Yeah the NW is terrible on the road course but the old car was even worse! I did about 50 laps of Michigan in the new car and it's a LOT more stable with the default set-ups. Tyre wear is going to become a big issue now though. I could do a pretty good lap by being fairly aggressive but it would destroy my tyres so I couldn't keep it up for long.
 
Yeah, I found on the ovals that if/when you pushed really hard and had the odd small lock-up or spinning the wheels out of corners (or through the carousel, that's fun :p) then you can feel the grip go down, one difference with road courses seems to be that you can then go gently without dropping too much pace and the tyres come back to you (which is awesome, the old ones never really seemed to...)

Really want to see what it's like on the skippy, there are complaints that the tyres overheat too quickly, not sure on the ovals but on the road courses I kinda felt that although it was when I was pushing over the limit that it happened but it's a hugely heavy car with shed loads of power, it's going to be easier to overheat the tyres than a proper road course car...
 
Yeah, I found on the ovals that if/when you pushed really hard and had the odd small lock-up or spinning the wheels out of corners (or through the carousel, that's fun :p) then you can feel the grip go down, one difference with road courses seems to be that you can then go gently without dropping too much pace and the tyres come back to you (which is awesome, the old ones never really seemed to...)

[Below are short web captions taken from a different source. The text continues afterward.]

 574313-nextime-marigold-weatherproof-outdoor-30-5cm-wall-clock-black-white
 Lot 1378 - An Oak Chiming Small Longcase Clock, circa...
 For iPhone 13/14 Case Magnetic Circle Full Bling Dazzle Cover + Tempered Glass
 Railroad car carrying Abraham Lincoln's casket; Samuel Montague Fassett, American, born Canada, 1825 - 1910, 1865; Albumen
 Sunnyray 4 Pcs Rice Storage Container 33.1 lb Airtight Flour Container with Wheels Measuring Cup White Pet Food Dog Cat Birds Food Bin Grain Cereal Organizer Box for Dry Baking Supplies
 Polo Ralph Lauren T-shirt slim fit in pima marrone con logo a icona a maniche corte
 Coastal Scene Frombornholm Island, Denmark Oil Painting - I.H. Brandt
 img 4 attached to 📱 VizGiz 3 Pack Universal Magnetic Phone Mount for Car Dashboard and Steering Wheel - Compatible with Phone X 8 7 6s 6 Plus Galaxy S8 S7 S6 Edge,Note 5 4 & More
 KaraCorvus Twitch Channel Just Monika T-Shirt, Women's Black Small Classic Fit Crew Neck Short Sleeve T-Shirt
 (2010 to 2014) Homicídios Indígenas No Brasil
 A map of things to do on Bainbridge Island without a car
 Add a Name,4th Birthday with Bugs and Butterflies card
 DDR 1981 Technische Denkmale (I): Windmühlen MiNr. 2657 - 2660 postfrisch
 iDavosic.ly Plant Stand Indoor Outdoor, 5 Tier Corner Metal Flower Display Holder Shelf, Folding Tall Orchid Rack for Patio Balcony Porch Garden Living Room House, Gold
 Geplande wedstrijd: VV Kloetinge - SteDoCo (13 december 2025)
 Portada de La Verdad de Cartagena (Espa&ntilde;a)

Really want to see what it's like on the skippy, there are complaints that the tyres overheat too quickly, not sure on the ovals but on the road courses I kinda felt that although it was when I was pushing over the limit that it happened but it's a hugely heavy car with shed loads of power, it's going to be easier to overheat the tyres than a proper road course car...

Well yeah. The NW is so bad to drive on that course. You choose a braking point, break heavily, and then wonder why the hell your car still went into a gravel trap at 100mph. Wouldn't be so bad but if you break too hard in the fixed set-up it spears off to the left. Not sure it'd be a good idea to even try and race it to be honest. I imagine a lot of people are going to get rear ended into turn 1.

Might actually have to worry about the tyres in the skip once it's out. At the moment I'm finding you can push hard the entire race and you can spend a lot of the race in neutral drifts without losing much grip.
 
Yeah, in the skippy I even go as far as getting a little bit sideways on the way into some corners to get the power down earlier, and I'm almost always aiming for a little bit of oversteer as that's how I prefer to drive,

Once the NTM is on things like the skippy I think I'm going to have to change my driving style, or be a bit more conservative during the races, I have a feeling/hope that with a light car like the skippy you'll be able to thrash the tyres for a few laps before they drop off a cliff, with the penalty that they'll never be quite the same and you'll suffer if you go that far whilst letting them cool down.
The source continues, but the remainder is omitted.